Excerpted records:
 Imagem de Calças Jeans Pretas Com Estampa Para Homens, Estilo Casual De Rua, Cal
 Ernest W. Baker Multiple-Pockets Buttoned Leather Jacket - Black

---

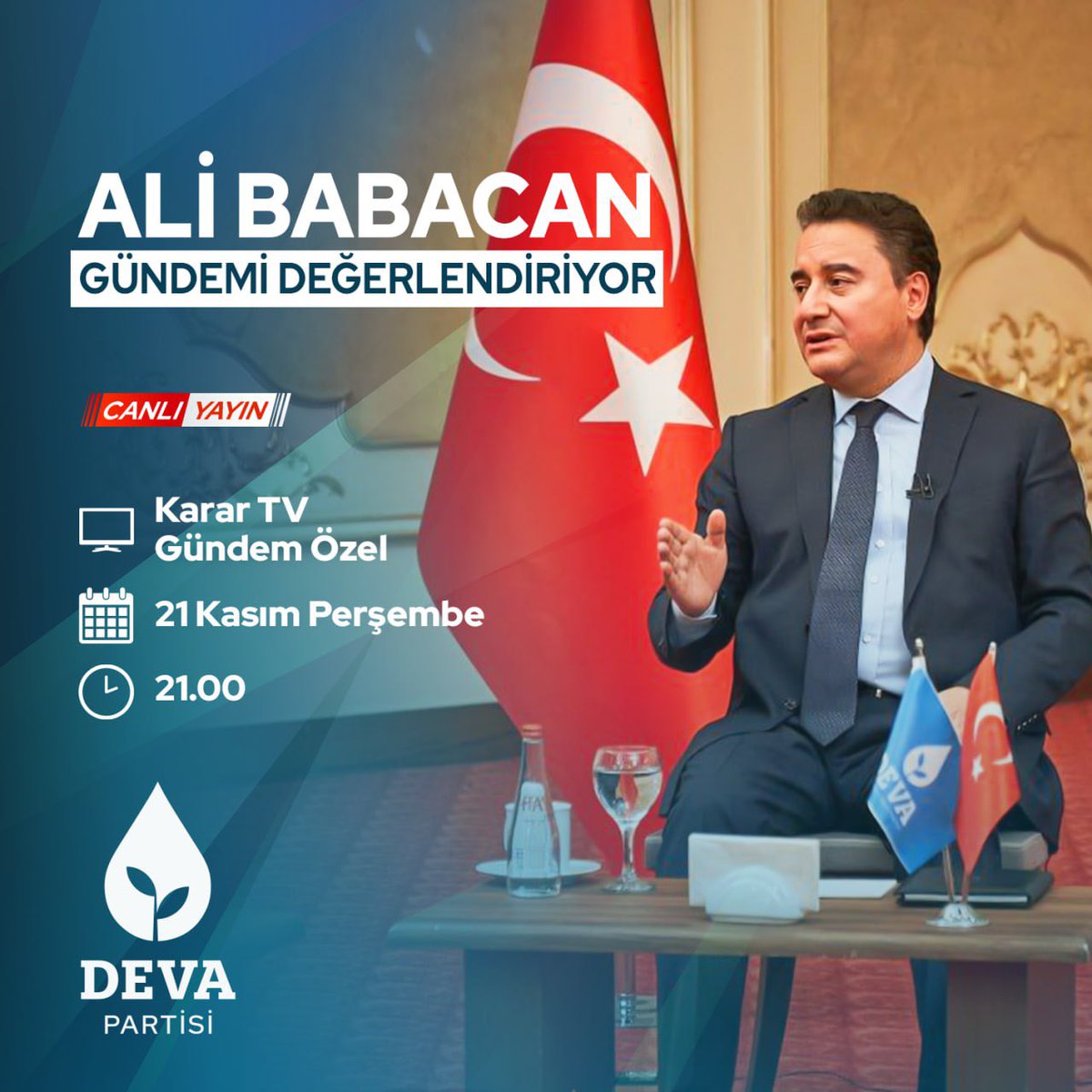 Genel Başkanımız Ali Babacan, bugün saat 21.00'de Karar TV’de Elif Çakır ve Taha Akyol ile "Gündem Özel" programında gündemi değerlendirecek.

Work request: Within the material above, copy exactly the lines from the line that holds "Imagem de Calças" up to and including the line that holds "Ernest W. Baker".

Exercise result:
 Imagem de Calças Jeans Pretas Com Estampa Para Homens, Estilo Casual De Rua, Cal
 Ernest W. Baker Multiple-Pockets Buttoned Leather Jacket - Black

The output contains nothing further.